Text classification means assigning labels to text. Because the labels can be defined to describe any aspect of the text, text classification has a wide range of application. The most straightforward one would be categorizing the topic or sentiment of the text. Besides those, other examples include recognizing spam email, judging whether two sentences have same or similar meaning.

Dataset - Livedoor News Corpus

In the evaluation of English language models in classification task, several datasets (e.g. SST-2, MRPC) can be used as common benchmarks. As for Japanese DistilBERT model, Livedoor news corpus can be used in the same fashion. Each piece of news in this corpus can be classified into one of the nine categories.

The original corpus is not devided in training, evaluation, and testing data. In this repository, we provide index lists of the dataset used in our experiments. Our dataset is pre-processed based on Livedoor News Corpus in following steps:

Requirements

STEP 1 Download and Create Dataset

The Livedoor News corpus can be downloaded from here.

To use the same dataset splits as we used in our experiments, follow the instruction here.

The dataset should be put in ./data/livedoor/ directory.

STEP 2 Pre-Tokenize Data

  1. Our DistilBERT

    SentencePiece tokenizer should be used.

    To pre-tokenize Livedoor dataset, use ./src/data_prep/sentencepiece_tokenize_livedoor.ipynb.

  2. Bandai Namco DistilBERT

    First follow ./src/data_prep/gen_vocab_lower.ipynb to generate lowercase vocab file for later use.

    Mecab tokenizer with mecab-ipadic-NEologd dictionary should be used first, then transformers WordPiece tokenizer.

    To pre-tokenize Livedoor dataset, use ./src/data_prep/mecab_wordpiece_tokenize_livedoor.ipynb.

STEP 3 Fine-Tune

  1. Our DistilBERT

    Rename the file config_livedoor.json as config.json, and don't forget to backup the original config.json.

    To fine-tune the model for Livedoor task, use ./src/laboro_distilbert/finetune-livedoor.ipynb.

  2. Bandai Namco DistilBERT

    Rename the file config_livedoor.json as config.json, and don't forget to backup the original config.json.

    To fine-tune the model for Livedoor task, use ./src/namco_distilbert/finetune-livedoor.ipynb.

Question Answering

Question answering is another task to evaluate and apply language models.
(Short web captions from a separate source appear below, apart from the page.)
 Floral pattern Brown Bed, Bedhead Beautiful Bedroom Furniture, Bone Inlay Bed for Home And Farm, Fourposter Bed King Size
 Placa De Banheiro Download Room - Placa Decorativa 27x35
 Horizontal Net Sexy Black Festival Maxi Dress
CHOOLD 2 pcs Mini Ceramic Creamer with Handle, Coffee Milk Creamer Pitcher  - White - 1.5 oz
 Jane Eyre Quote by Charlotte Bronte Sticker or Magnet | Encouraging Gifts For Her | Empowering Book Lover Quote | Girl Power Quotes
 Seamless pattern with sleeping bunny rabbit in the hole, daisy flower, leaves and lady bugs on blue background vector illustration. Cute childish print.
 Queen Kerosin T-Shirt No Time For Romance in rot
In English NLP, SQuAD is one the of most widely used datasets for this task. In SQuAD, questions and corresponding Wikipedia pages are given, and the answers to the questions are supposed to be found from the Wikipedia pages.

Dataset - Driving Domain QA

For QA task, we used Driving Domain QA dataset for evaluation. This dataset consists of PAS-QA dataset and RC-QA dataset. So far, we have only evaluated our model on the RC-QA dataset. The dataset is already in the format of SQuAD 2.0, so no pre-processing is needed for further use.

Requirements

STEP 1 Download and Create Dataset

Download DDQA dataset following the instruction here.
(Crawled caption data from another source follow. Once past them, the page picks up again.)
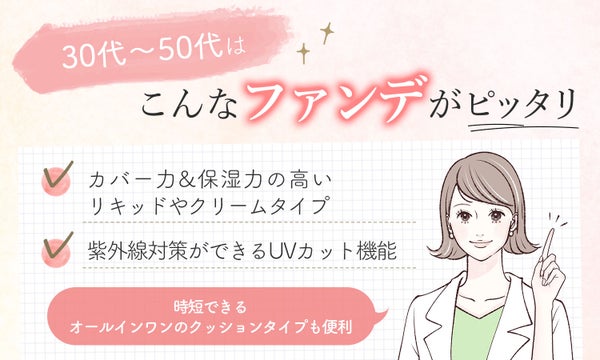 30代〜50代はカバー力&保湿力の高いリキッドやクリームタイプや紫外線対策ができるUVカット機能があるタイプがピッタリ。時短できるオールインワンのクッションタイプも便利。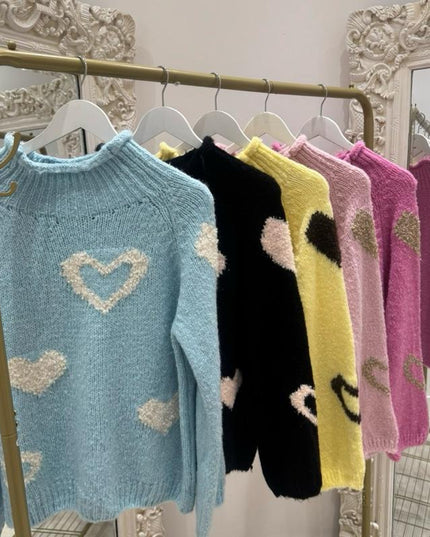 Emmie ~ Knitted Jumper With Heart Design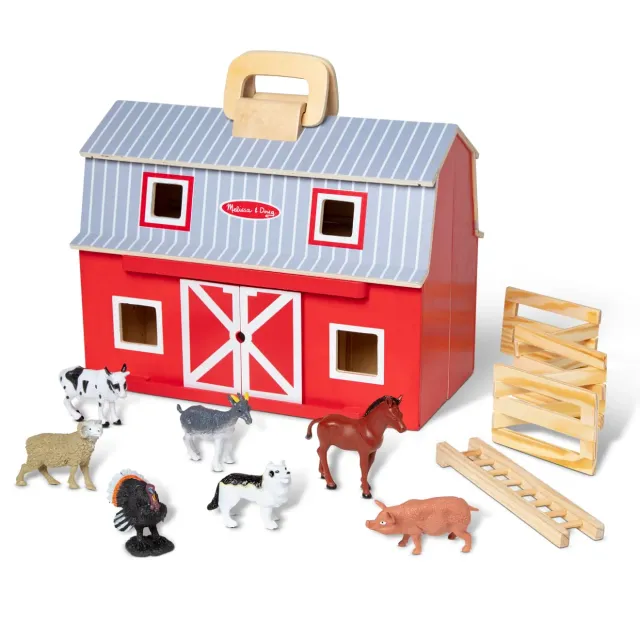 Melissa & Doug Fold & Go Barn boerderij hout 7 dieren
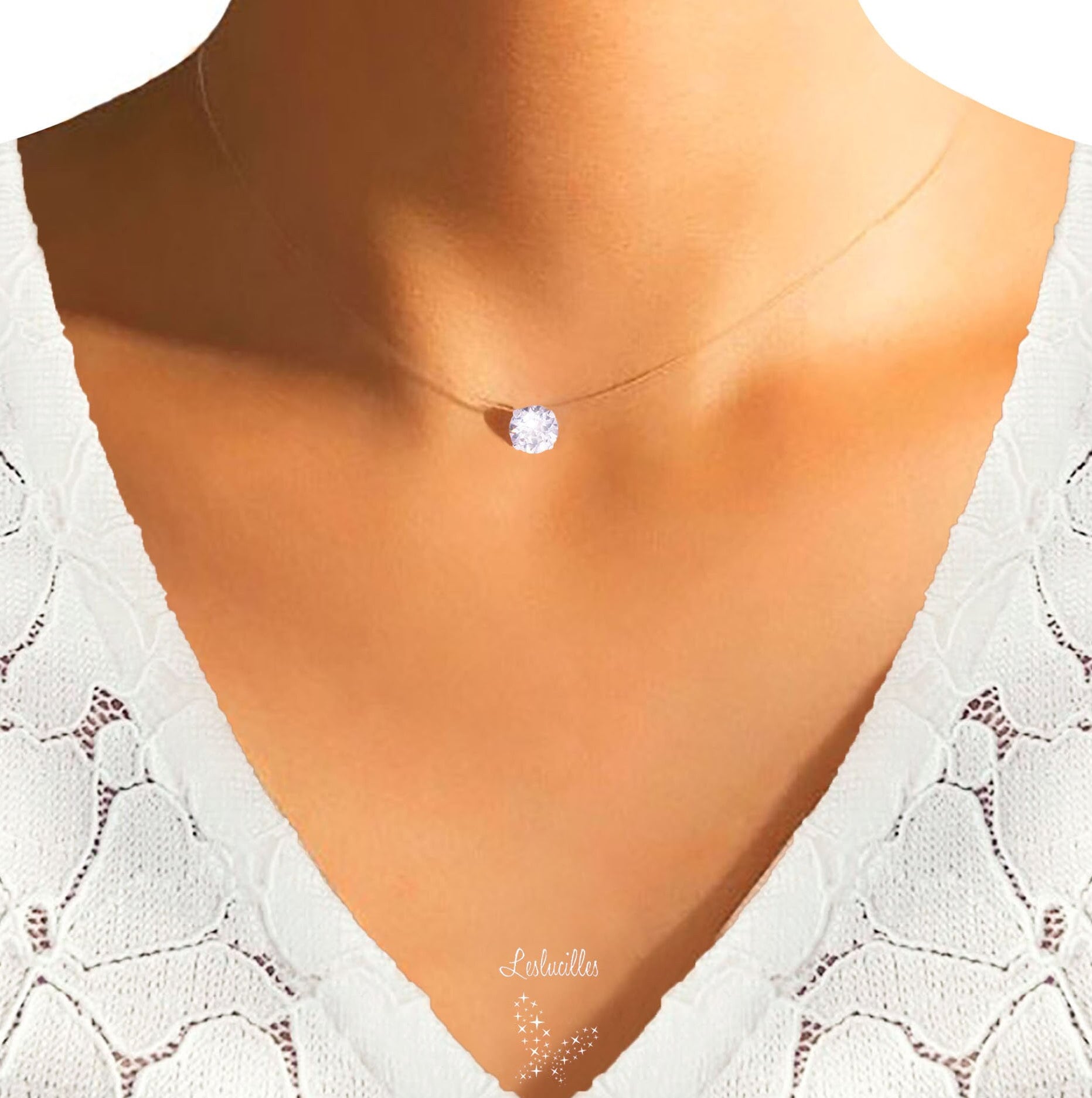 Collane e pendagli con diamanti sconosciuti in argento sterling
Since we only use the data in RC-QA dataset, please copy the dataset into ./data/ddqa/RC-QA/ directory.

STEP 2 Pre-Tokenize Data

  1. Our DistilBERT

    To pre-tokenize DDQA dataset, use ./src/data_prep/sentencepiece_tokenize_ddqa.ipynb.

  2. Bandai Namco DistilBERT

    First follow ./src/data_prep/gen_vocab_lower.ipynb to generate lowercase vocab file for later use.

    To pre-tokenize DDQA dataset, use ./src/data_prep/mecab_wordpiece_tokenize_ddqa.ipynb.

STEP 3 Fine-Tune

  1. Our DistilBERT

    Rename the file config_ddqa.json as config.json, and don't forget to backup the original config.json.

    To fine-tune the model for DDQA task, use ./laboro_distilbert/finetune-ddqa.ipynb.

  2. Bandai Namco DistilBERT

    Rename the file config_ddqa.json as config.json, and don't forget to backup the original config.json.

    To fine-tune the model for DDQA task, use ./namco_distilbert/finetune-ddqa.ipynb.